A Senate vote Tuesday teed up the latest version of Congress’ effort to fund domestic chip manufacturing for final approval Wednesday morning and likely, though not certain, House passage by the weekend.
Yes, but: Congress has been deadlocked on this issue for over a year now, and has only reached this point after intense lobbying and by prioritizing the chips bill over many other proposals — including virtually all of those that involve the tech world.
The big picture: Time was, passing bills that spend money to support domestic manufacturing was an easy lift for Congress. Today, it requires a year of Herculean effort.
- Meanwhile, a legion of other tech-related proposals and bills are essentially stuck on hold at a moment when Congress is about to go on recess. When lawmakers return, we’ll be in the midterm election season — when Congress has rarely gotten much done, even before it was so bitterly divided.
Our thought bubble: At this rate, we can expect each two-year sitting of Congress to advance at most a single tech-related law. Choose wisely!
Here’s what’s in the Senate version of the bill:
- $52.7 billion for chip manufacturing, research and production, including $2 billion for legacy chip production — those essential to the auto industry and the military.
- a 25% tax credit for investments in semiconductor manufacturing, worth about $24 billion.
- $1.5 billion for the development of open-architecture, software-based wireless technologies, known as ORAN, that’s meant to reduce reliance on foreign telecommunications equipment.
The bill also authorizes roughly $200 billion for scientific research, but doesn’t actually appropriate the funds, so the spending will require further action from Congress.
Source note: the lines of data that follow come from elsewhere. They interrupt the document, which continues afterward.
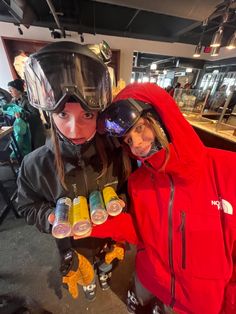 two people standing next to each other wearing ski gear and holding drinks in their hands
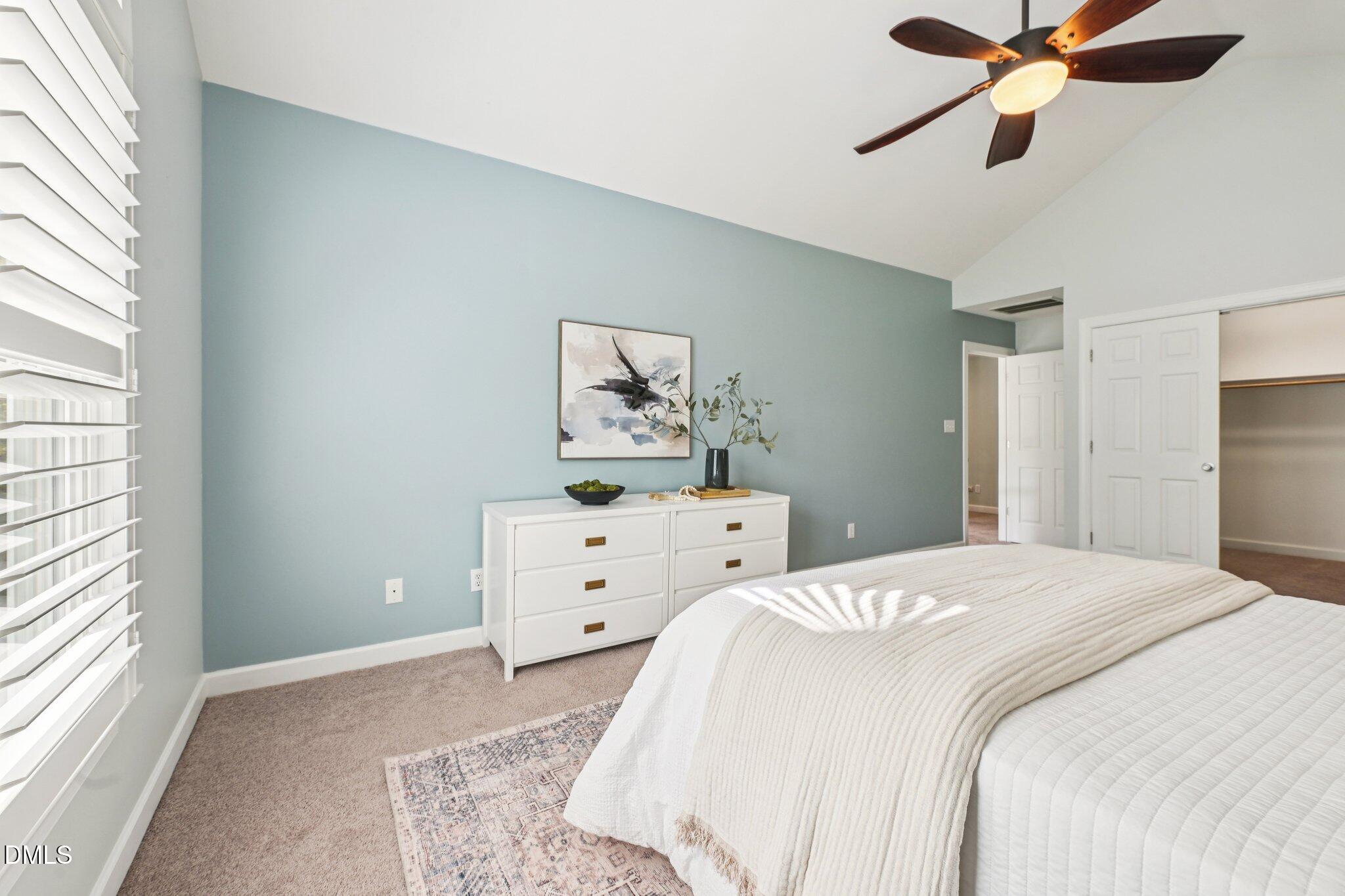3008 Walton Heath Court Raleigh, NC 27612 - Photo 27 of 57 a bedroom with a bed and a chandelier fan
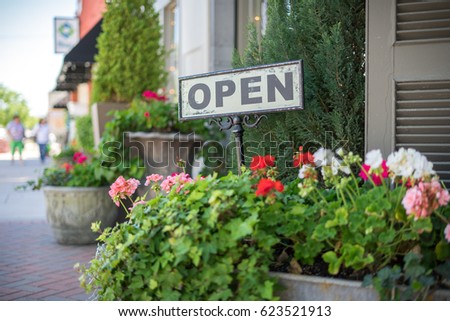 Farmhouse style open sign outside of a small town Business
The authorizations include:
- $81 billion for the National Science Foundation, to be used in part for a Directorate for Technology, Innovation and Partnerships meant to expand NSF to also fund applied research and commercialization efforts.
- The NSF authorization is also meant to help bolster the STEM workforce, including establishing an artificial intelligence scholarship-for-service program.
- Separately, the bill authorizes $50 billion for the Department of Energy’s Office of Science.
What’s next: If the Senate passes the bill, it’s over to the House, which is scheduled to leave for its August recess after Friday.